武井靖さん

移住というより隣町に行くような感覚でもっと気軽に行動してほしいですね。

写真:武井靖さん1

Profile

武井 靖 さん(たけい やすし)埼玉県出身

移住歴6年 職業Webデザイナー

埼玉県で生まれ育った武井さんは、東京都内の専門学校を卒業後、都内の広告制作に就職。26、7歳の頃にフリーランスに転身して以来、HP制作などのWebデザイナーとして活動を続けている。

「移住先を探している最中、たまたま東京ビッグサイトで移住フェアをしているのを知ってどんなところがあるんだろう?と興味本位で行ってみたんです」

と話すのは、Webデザイナーの武井さんだ。
埼玉県で生まれ育った武井さんは、東京都内の専門学校を卒業後、都内の広告制作に就職、26、7歳の頃にフリーランスに転身して以来、HP制作などのWebデザイナーとして活動を続けている。

武井さんはリモートワークやワーケーションという言葉が定着しつつある昨今よりずっと前から、自分の興味のある街に住みたいと思っていたそうで、日本のみならず上海に移住した経験もあるのだとか。そんな武井さんが小矢部市と出会い、移住するきっかけは何だったのだろう?

「上海から帰国後、地方の文化に関心が沸いて日本中を旅行しました。いろいろな土地に行きましたが一番多く足を運んだのが北陸だったんです。多いときは年に4,5回も」。

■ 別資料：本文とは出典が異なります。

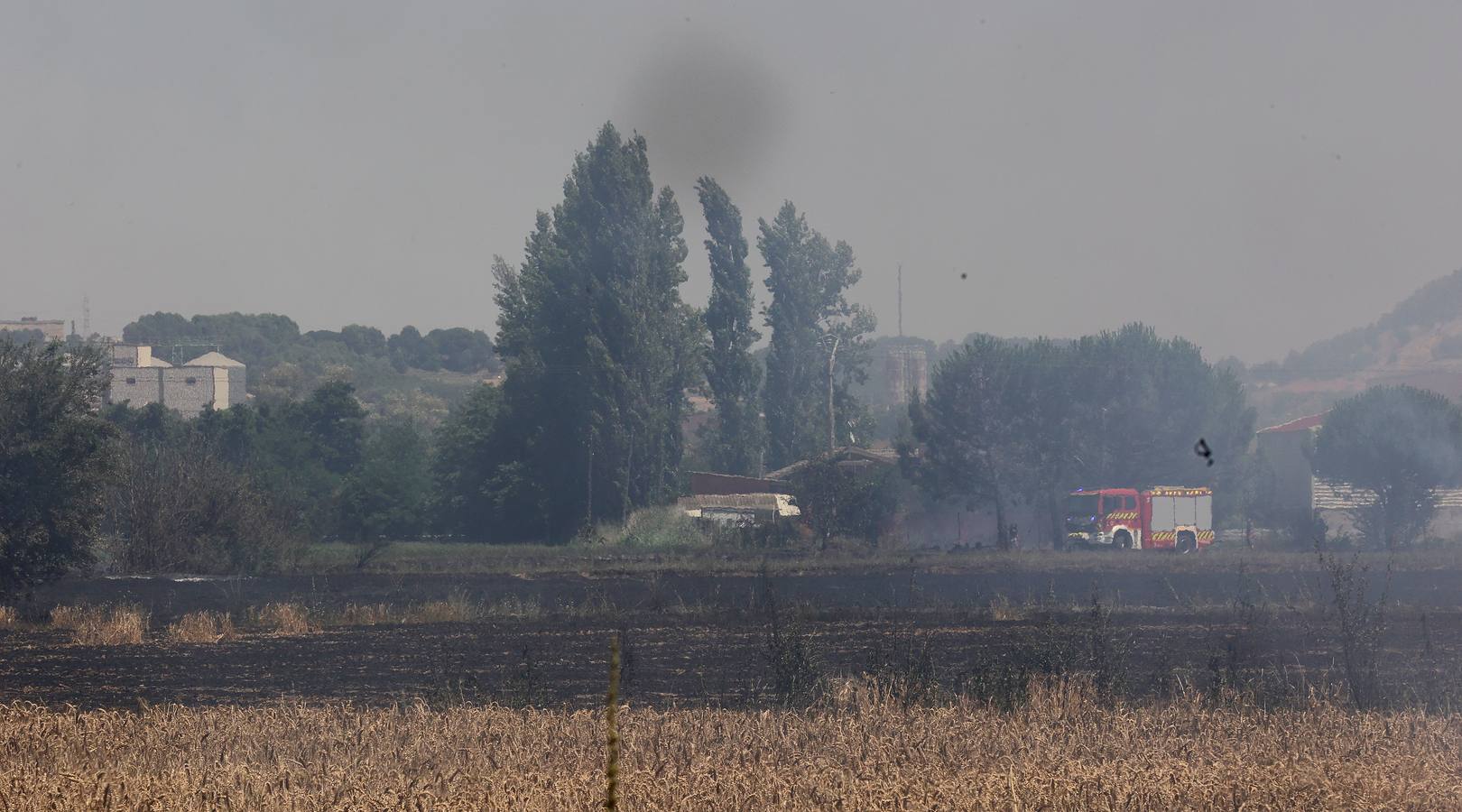 Incendio mortal en Palencia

北陸は祭りが多く古い街並みが健在なところに惹かれたそうで、

「東京ビッグサイトに行ったとき、富山県は小矢部市が地域おこし協力隊を募集していたんですよ。そのとき初めて地域おこし協力隊という制度があることを知りました。そういう移住の方法もあるのかって…」

写真:武井靖さん2


地域おこし協力隊とは、地方で地域外の人を受け入れ、実際に住みながら地域発展のために協力してもらい、定住・定着を図ることを目的とした制度のことだ。
ビッグサイトでこの制度を知った武井さんは自分でもいろいろ調べたり、市役所にわからないことは聞いたりしながら他の自治体と検討を重ねた結果、東京に行き来しやすいことと、兼業が可能だったことが決め手となり小矢部に申し込んだ。
採用決定後は市のサポートで物件も決まり、迷ったり悩んだりした記憶はなかったそう。新たな生活を始めながら協力隊の褒賞費も入り、今までのWebデザインの仕事もできるのは、収入の面から考えてもメリットだったに違いない。

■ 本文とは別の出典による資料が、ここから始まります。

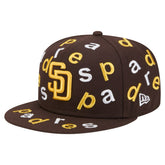 San Diego Padres New Era Team Confetti 59FIFTY Fitted Hat for sale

今までと小矢部に来てからの暮らしで変わったことを聞いてみると

「埼玉に住んでいたときも打合せで都内に出向く程度でほとんど家で作業していましたし、今もほとんど変わらないですね。先方から10時から打合せをお願いしたいと言われても早朝にこちらを出発すれば間に合いますし、15時にはもう小矢部の家に着いていることも。新幹線を使えば日帰りどころか半日で行って帰ってこれます。隣町に行くような感じです」

と武井さんは笑う。

「移住前は自炊もよくしていましたが、こっちに来てからは外食が増えました。定食屋も総菜屋も本当に美味しいんですよ。驚いたのはスーパーで売っている刺身の旨さ。今まで食べていた刺身は何だったんだろう?って真剣に思いましたから」。

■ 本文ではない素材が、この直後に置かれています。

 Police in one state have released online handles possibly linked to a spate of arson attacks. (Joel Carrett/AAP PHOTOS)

趣味のひとつが登山ということもあり、立山や乗鞍といった名峰へも車で1時間半ほどで登れる場所まで行けるところも大きな魅力のようで

「散歩や運転中など、立山が一望できるんですよ。これは都会では見れないですよね」

と話す。

これまで小矢部という土地には縁もゆかりもなかった武井さん。地域おこし協力隊の活動を軸として地元の人たちとのつながりも徐々に増えていき、任期を終え2年経った今では、仕事の割合が東京と富山で5:5までになった。

「都会の場合、仕事で知り合ったらそこで完結してしまいがちですけど、こちらは人とのつながりに垣根がなく広がりやすい気がします。仕事というよりは人対人という感じですね。例えば、〆切に間に合わなそうなとき事情を説明すると、少しくらい大丈夫やちゃ!とおっしゃっていただける。それに甘えてはいけないんですけどね」。

なんとも自然に富山弁が出てくるところに、小矢部での暮らしの充実ぶりが伺えた。